What needs to be done:
Could you copy exactly the lines from the one containing "Women's San Francisco" through the last line of the records, leaving out every picture?

Records shown:
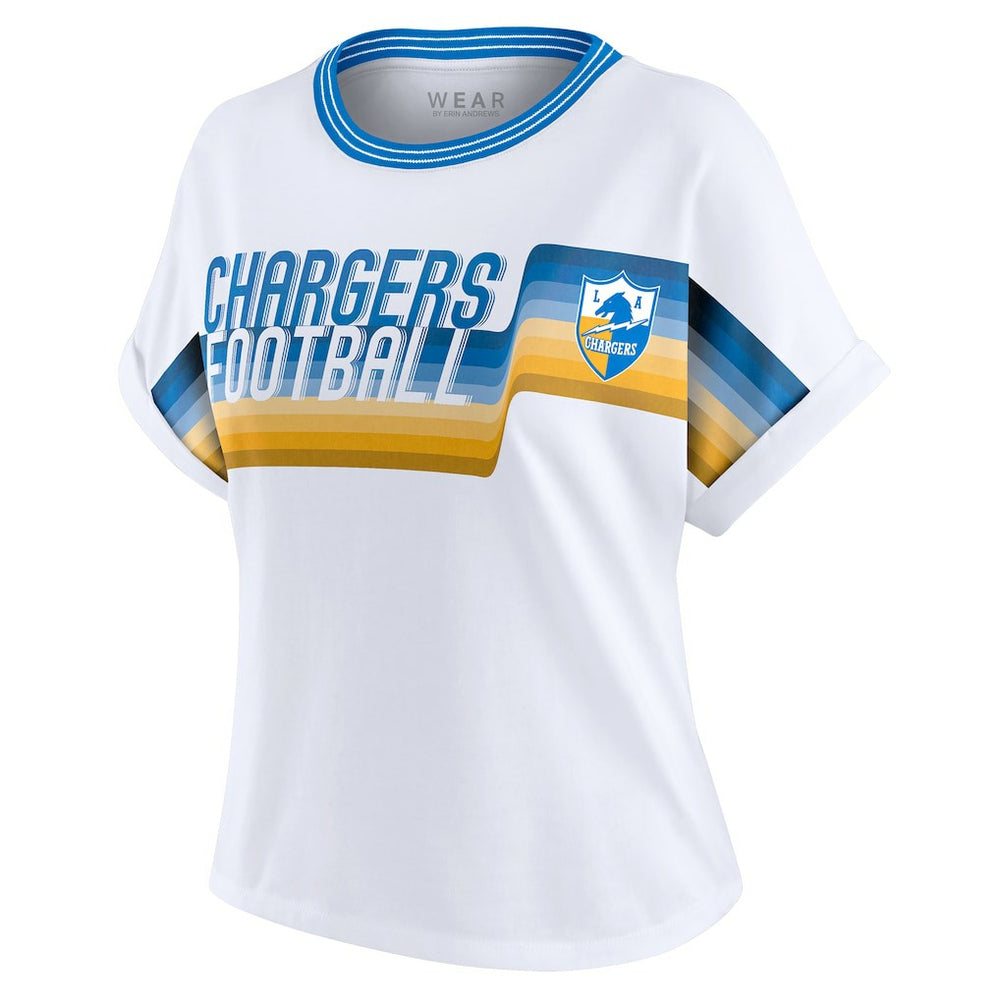 Los Angeles Chargers WEAR by Erin Andrews Women's Cropped Center Stripe Dolman T-Shirt | NFL Outlet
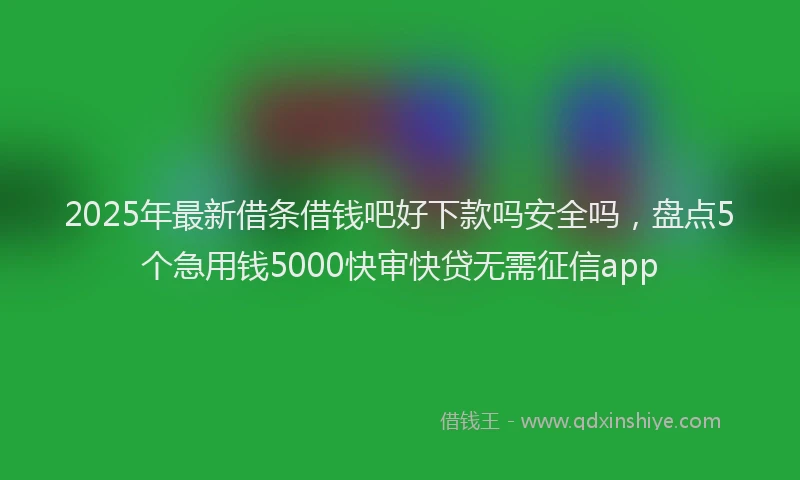 2025年最新借条借钱吧好下款吗安全吗，盘点5个急用钱5000快审快贷无需征信app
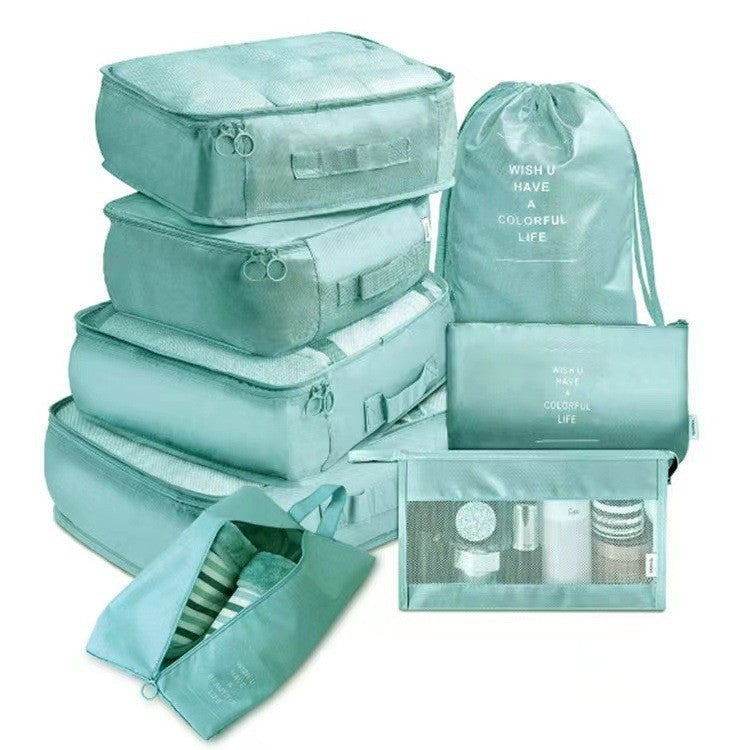 8-Piece Travel Storage Bag Set for Clothing and Cosmetics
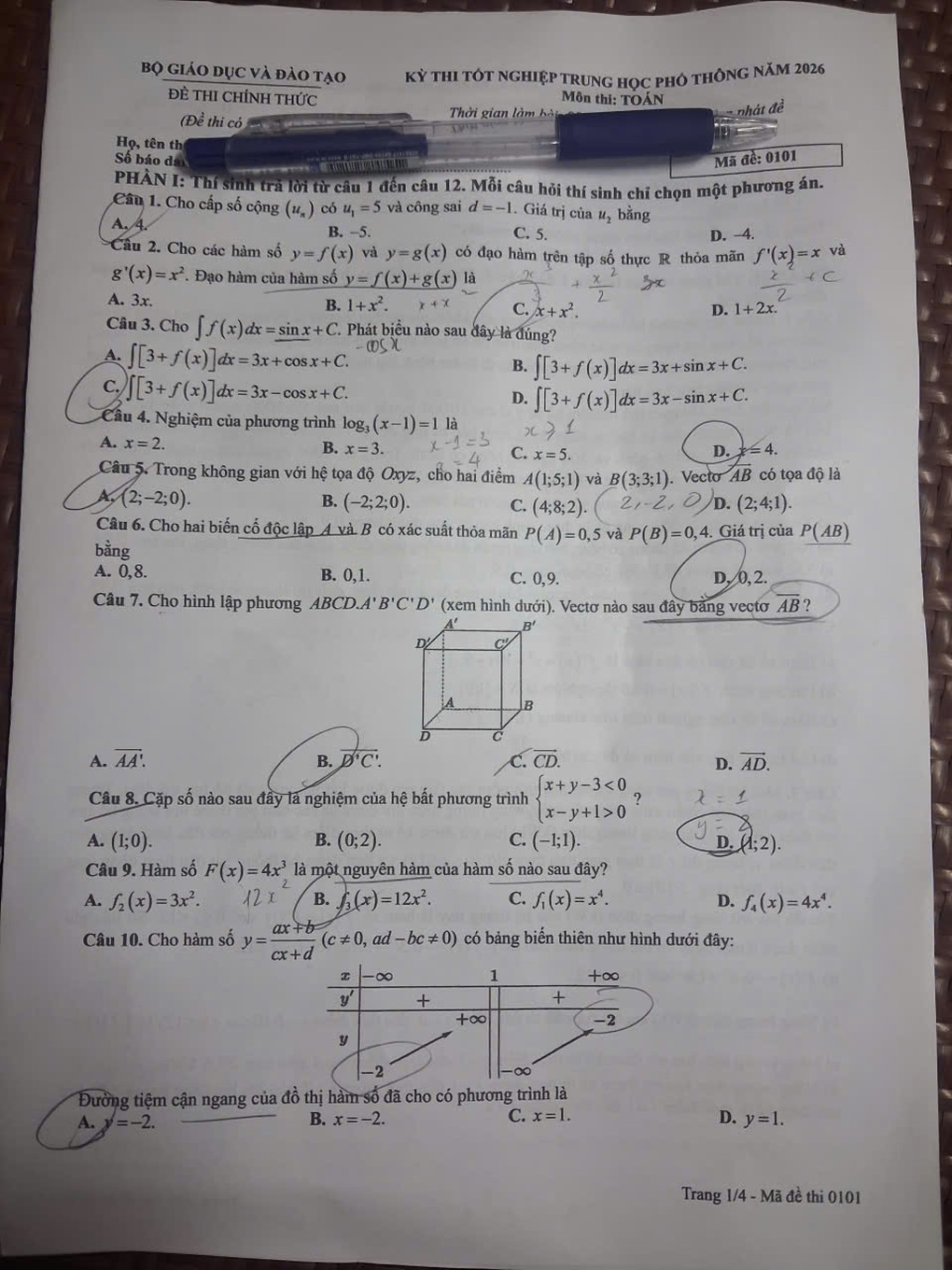 Đáp án đề thi môn toán thi tốt nghiệp THPT 2026: Mã đề 0101 - 2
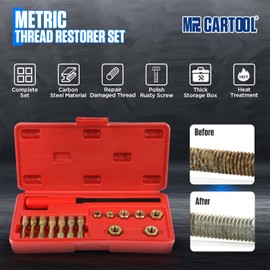 MR CARTOOL Metric Thread Chaser Set, Carbon Steel Thread Cutting Tool Set for Recutting, Metric Thread Augers, Universal Metric Thread Restorer Repair Tool Kit (15 Pieces)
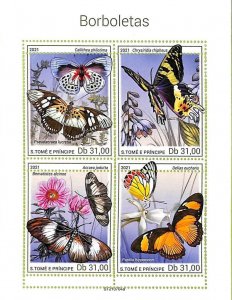 A9236 - S.TAKE AND PRINCE - MISPERF ERROR Stamp Sheet 2021 - Insects Butterflies-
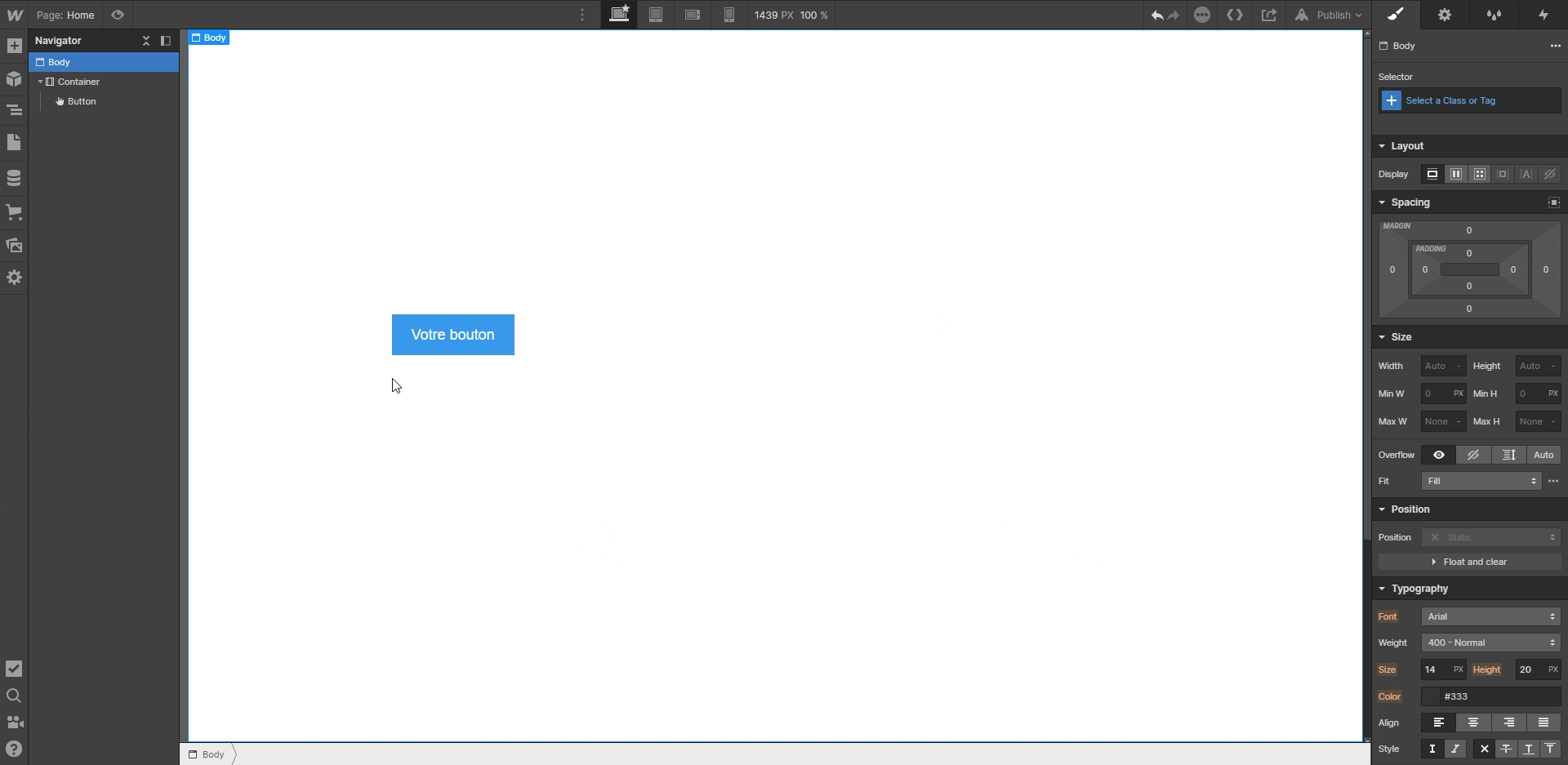 centrer un bouton sur Webflow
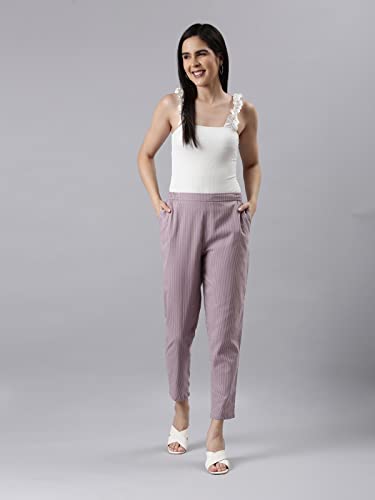 Image of GO COLORS Solid Soft Cotton Printed Pencil Pant for Women | Breathable, Side Pocket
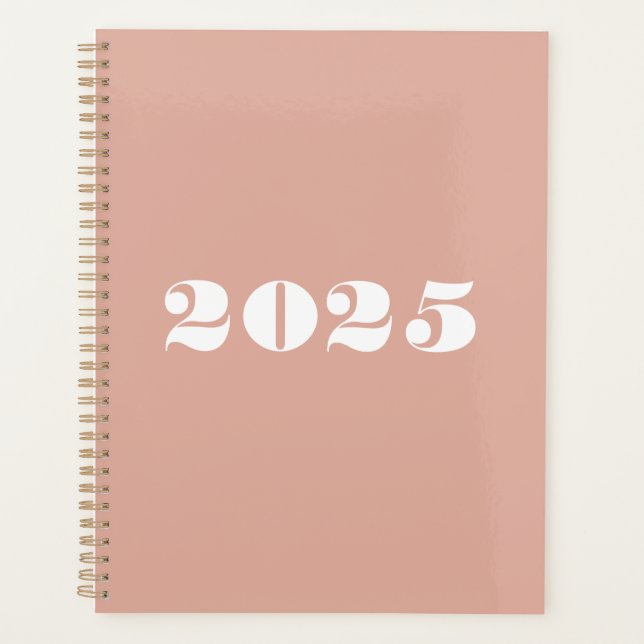 Modern dusty pink bold typography custom year  planner (Front)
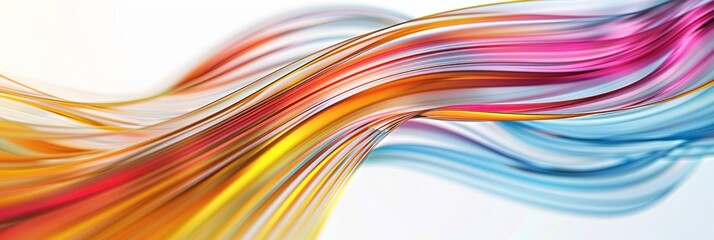 Poster - Close-up photograph of colorful abstract wave lines against a light background. Perfect for use in presentations or as a design element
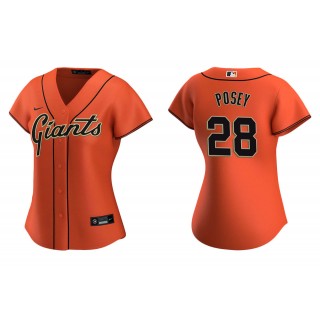 Women's San Francisco Giants Buster Posey Orange Replica Alternate Jersey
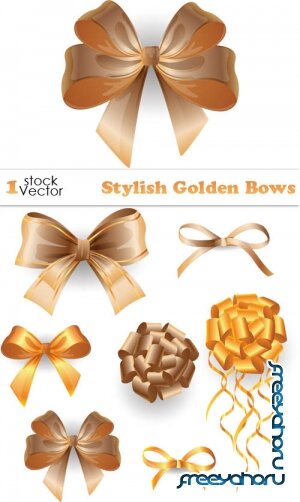 Vectors - Stylish Golden Bows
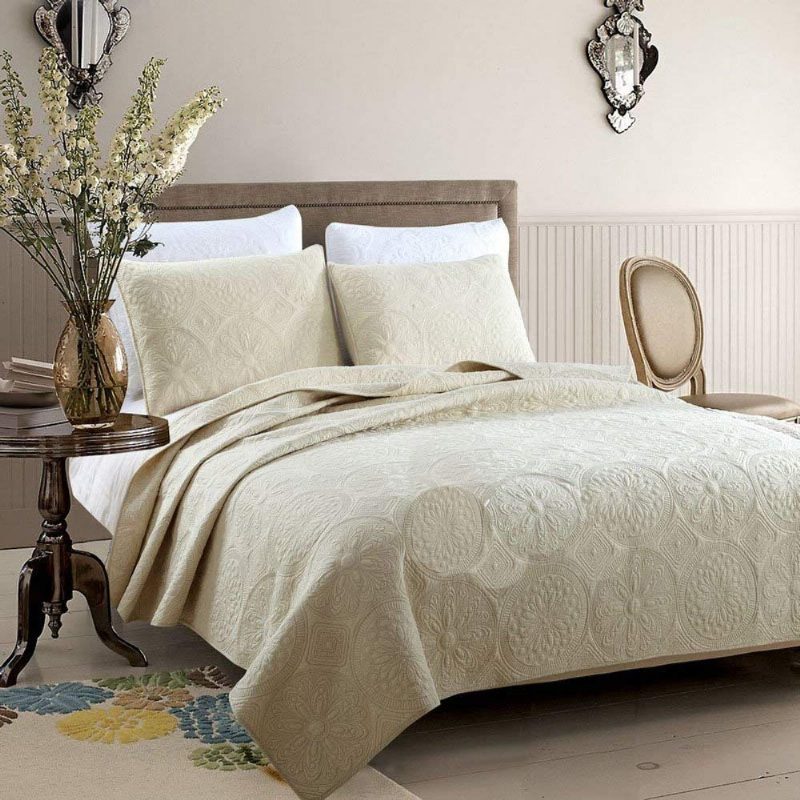 Valkoinen Beige Vintage Kukkapeittosetti Queen-size-vuodepeittosetti (beige Kukka)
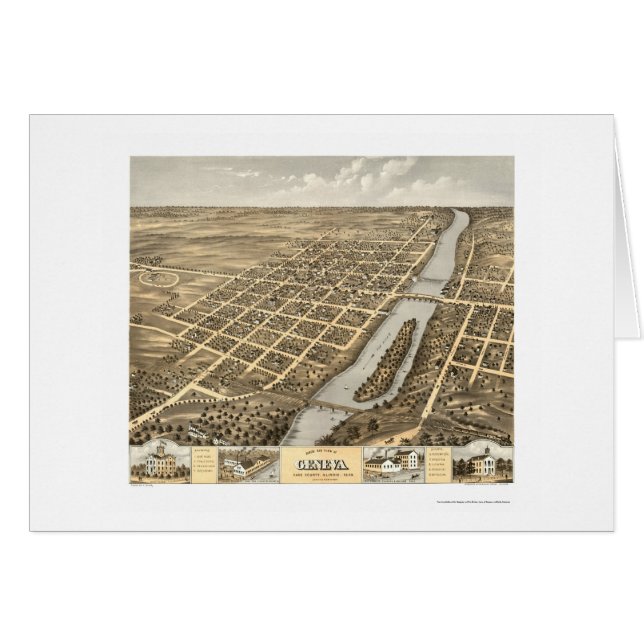 Geneva IL panorama- karta - 1869 Hälsningskort (Framsidan Horizontal)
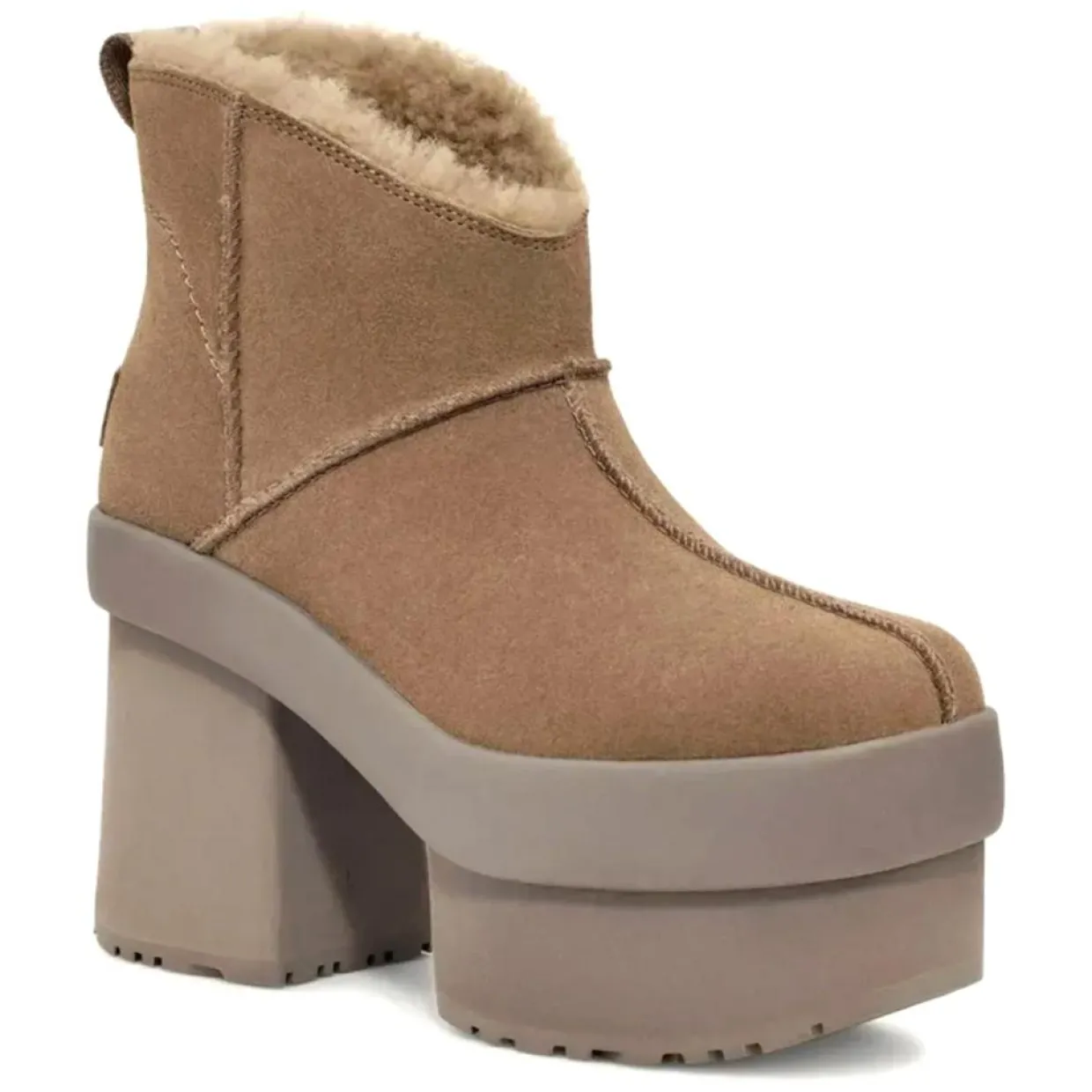 Femme Ugg Bottines^Bottes en Velours de Cuir New Heights Platform Mini marron - Talon 11.4 cm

Result of the task:
 Women's San Francisco Giants Buster Posey Orange Replica Alternate Jersey
 Vectors - Stylish Golden Bows
 Valkoinen Beige Vintage Kukkapeittosetti Queen-size-vuodepeittosetti (beige Kukka)
 Geneva IL panorama- karta - 1869 Hälsningskort (Framsidan Horizontal)
 Femme Ugg Bottines^Bottes en Velours de Cuir New Heights Platform Mini marron - Talon 11.4 cm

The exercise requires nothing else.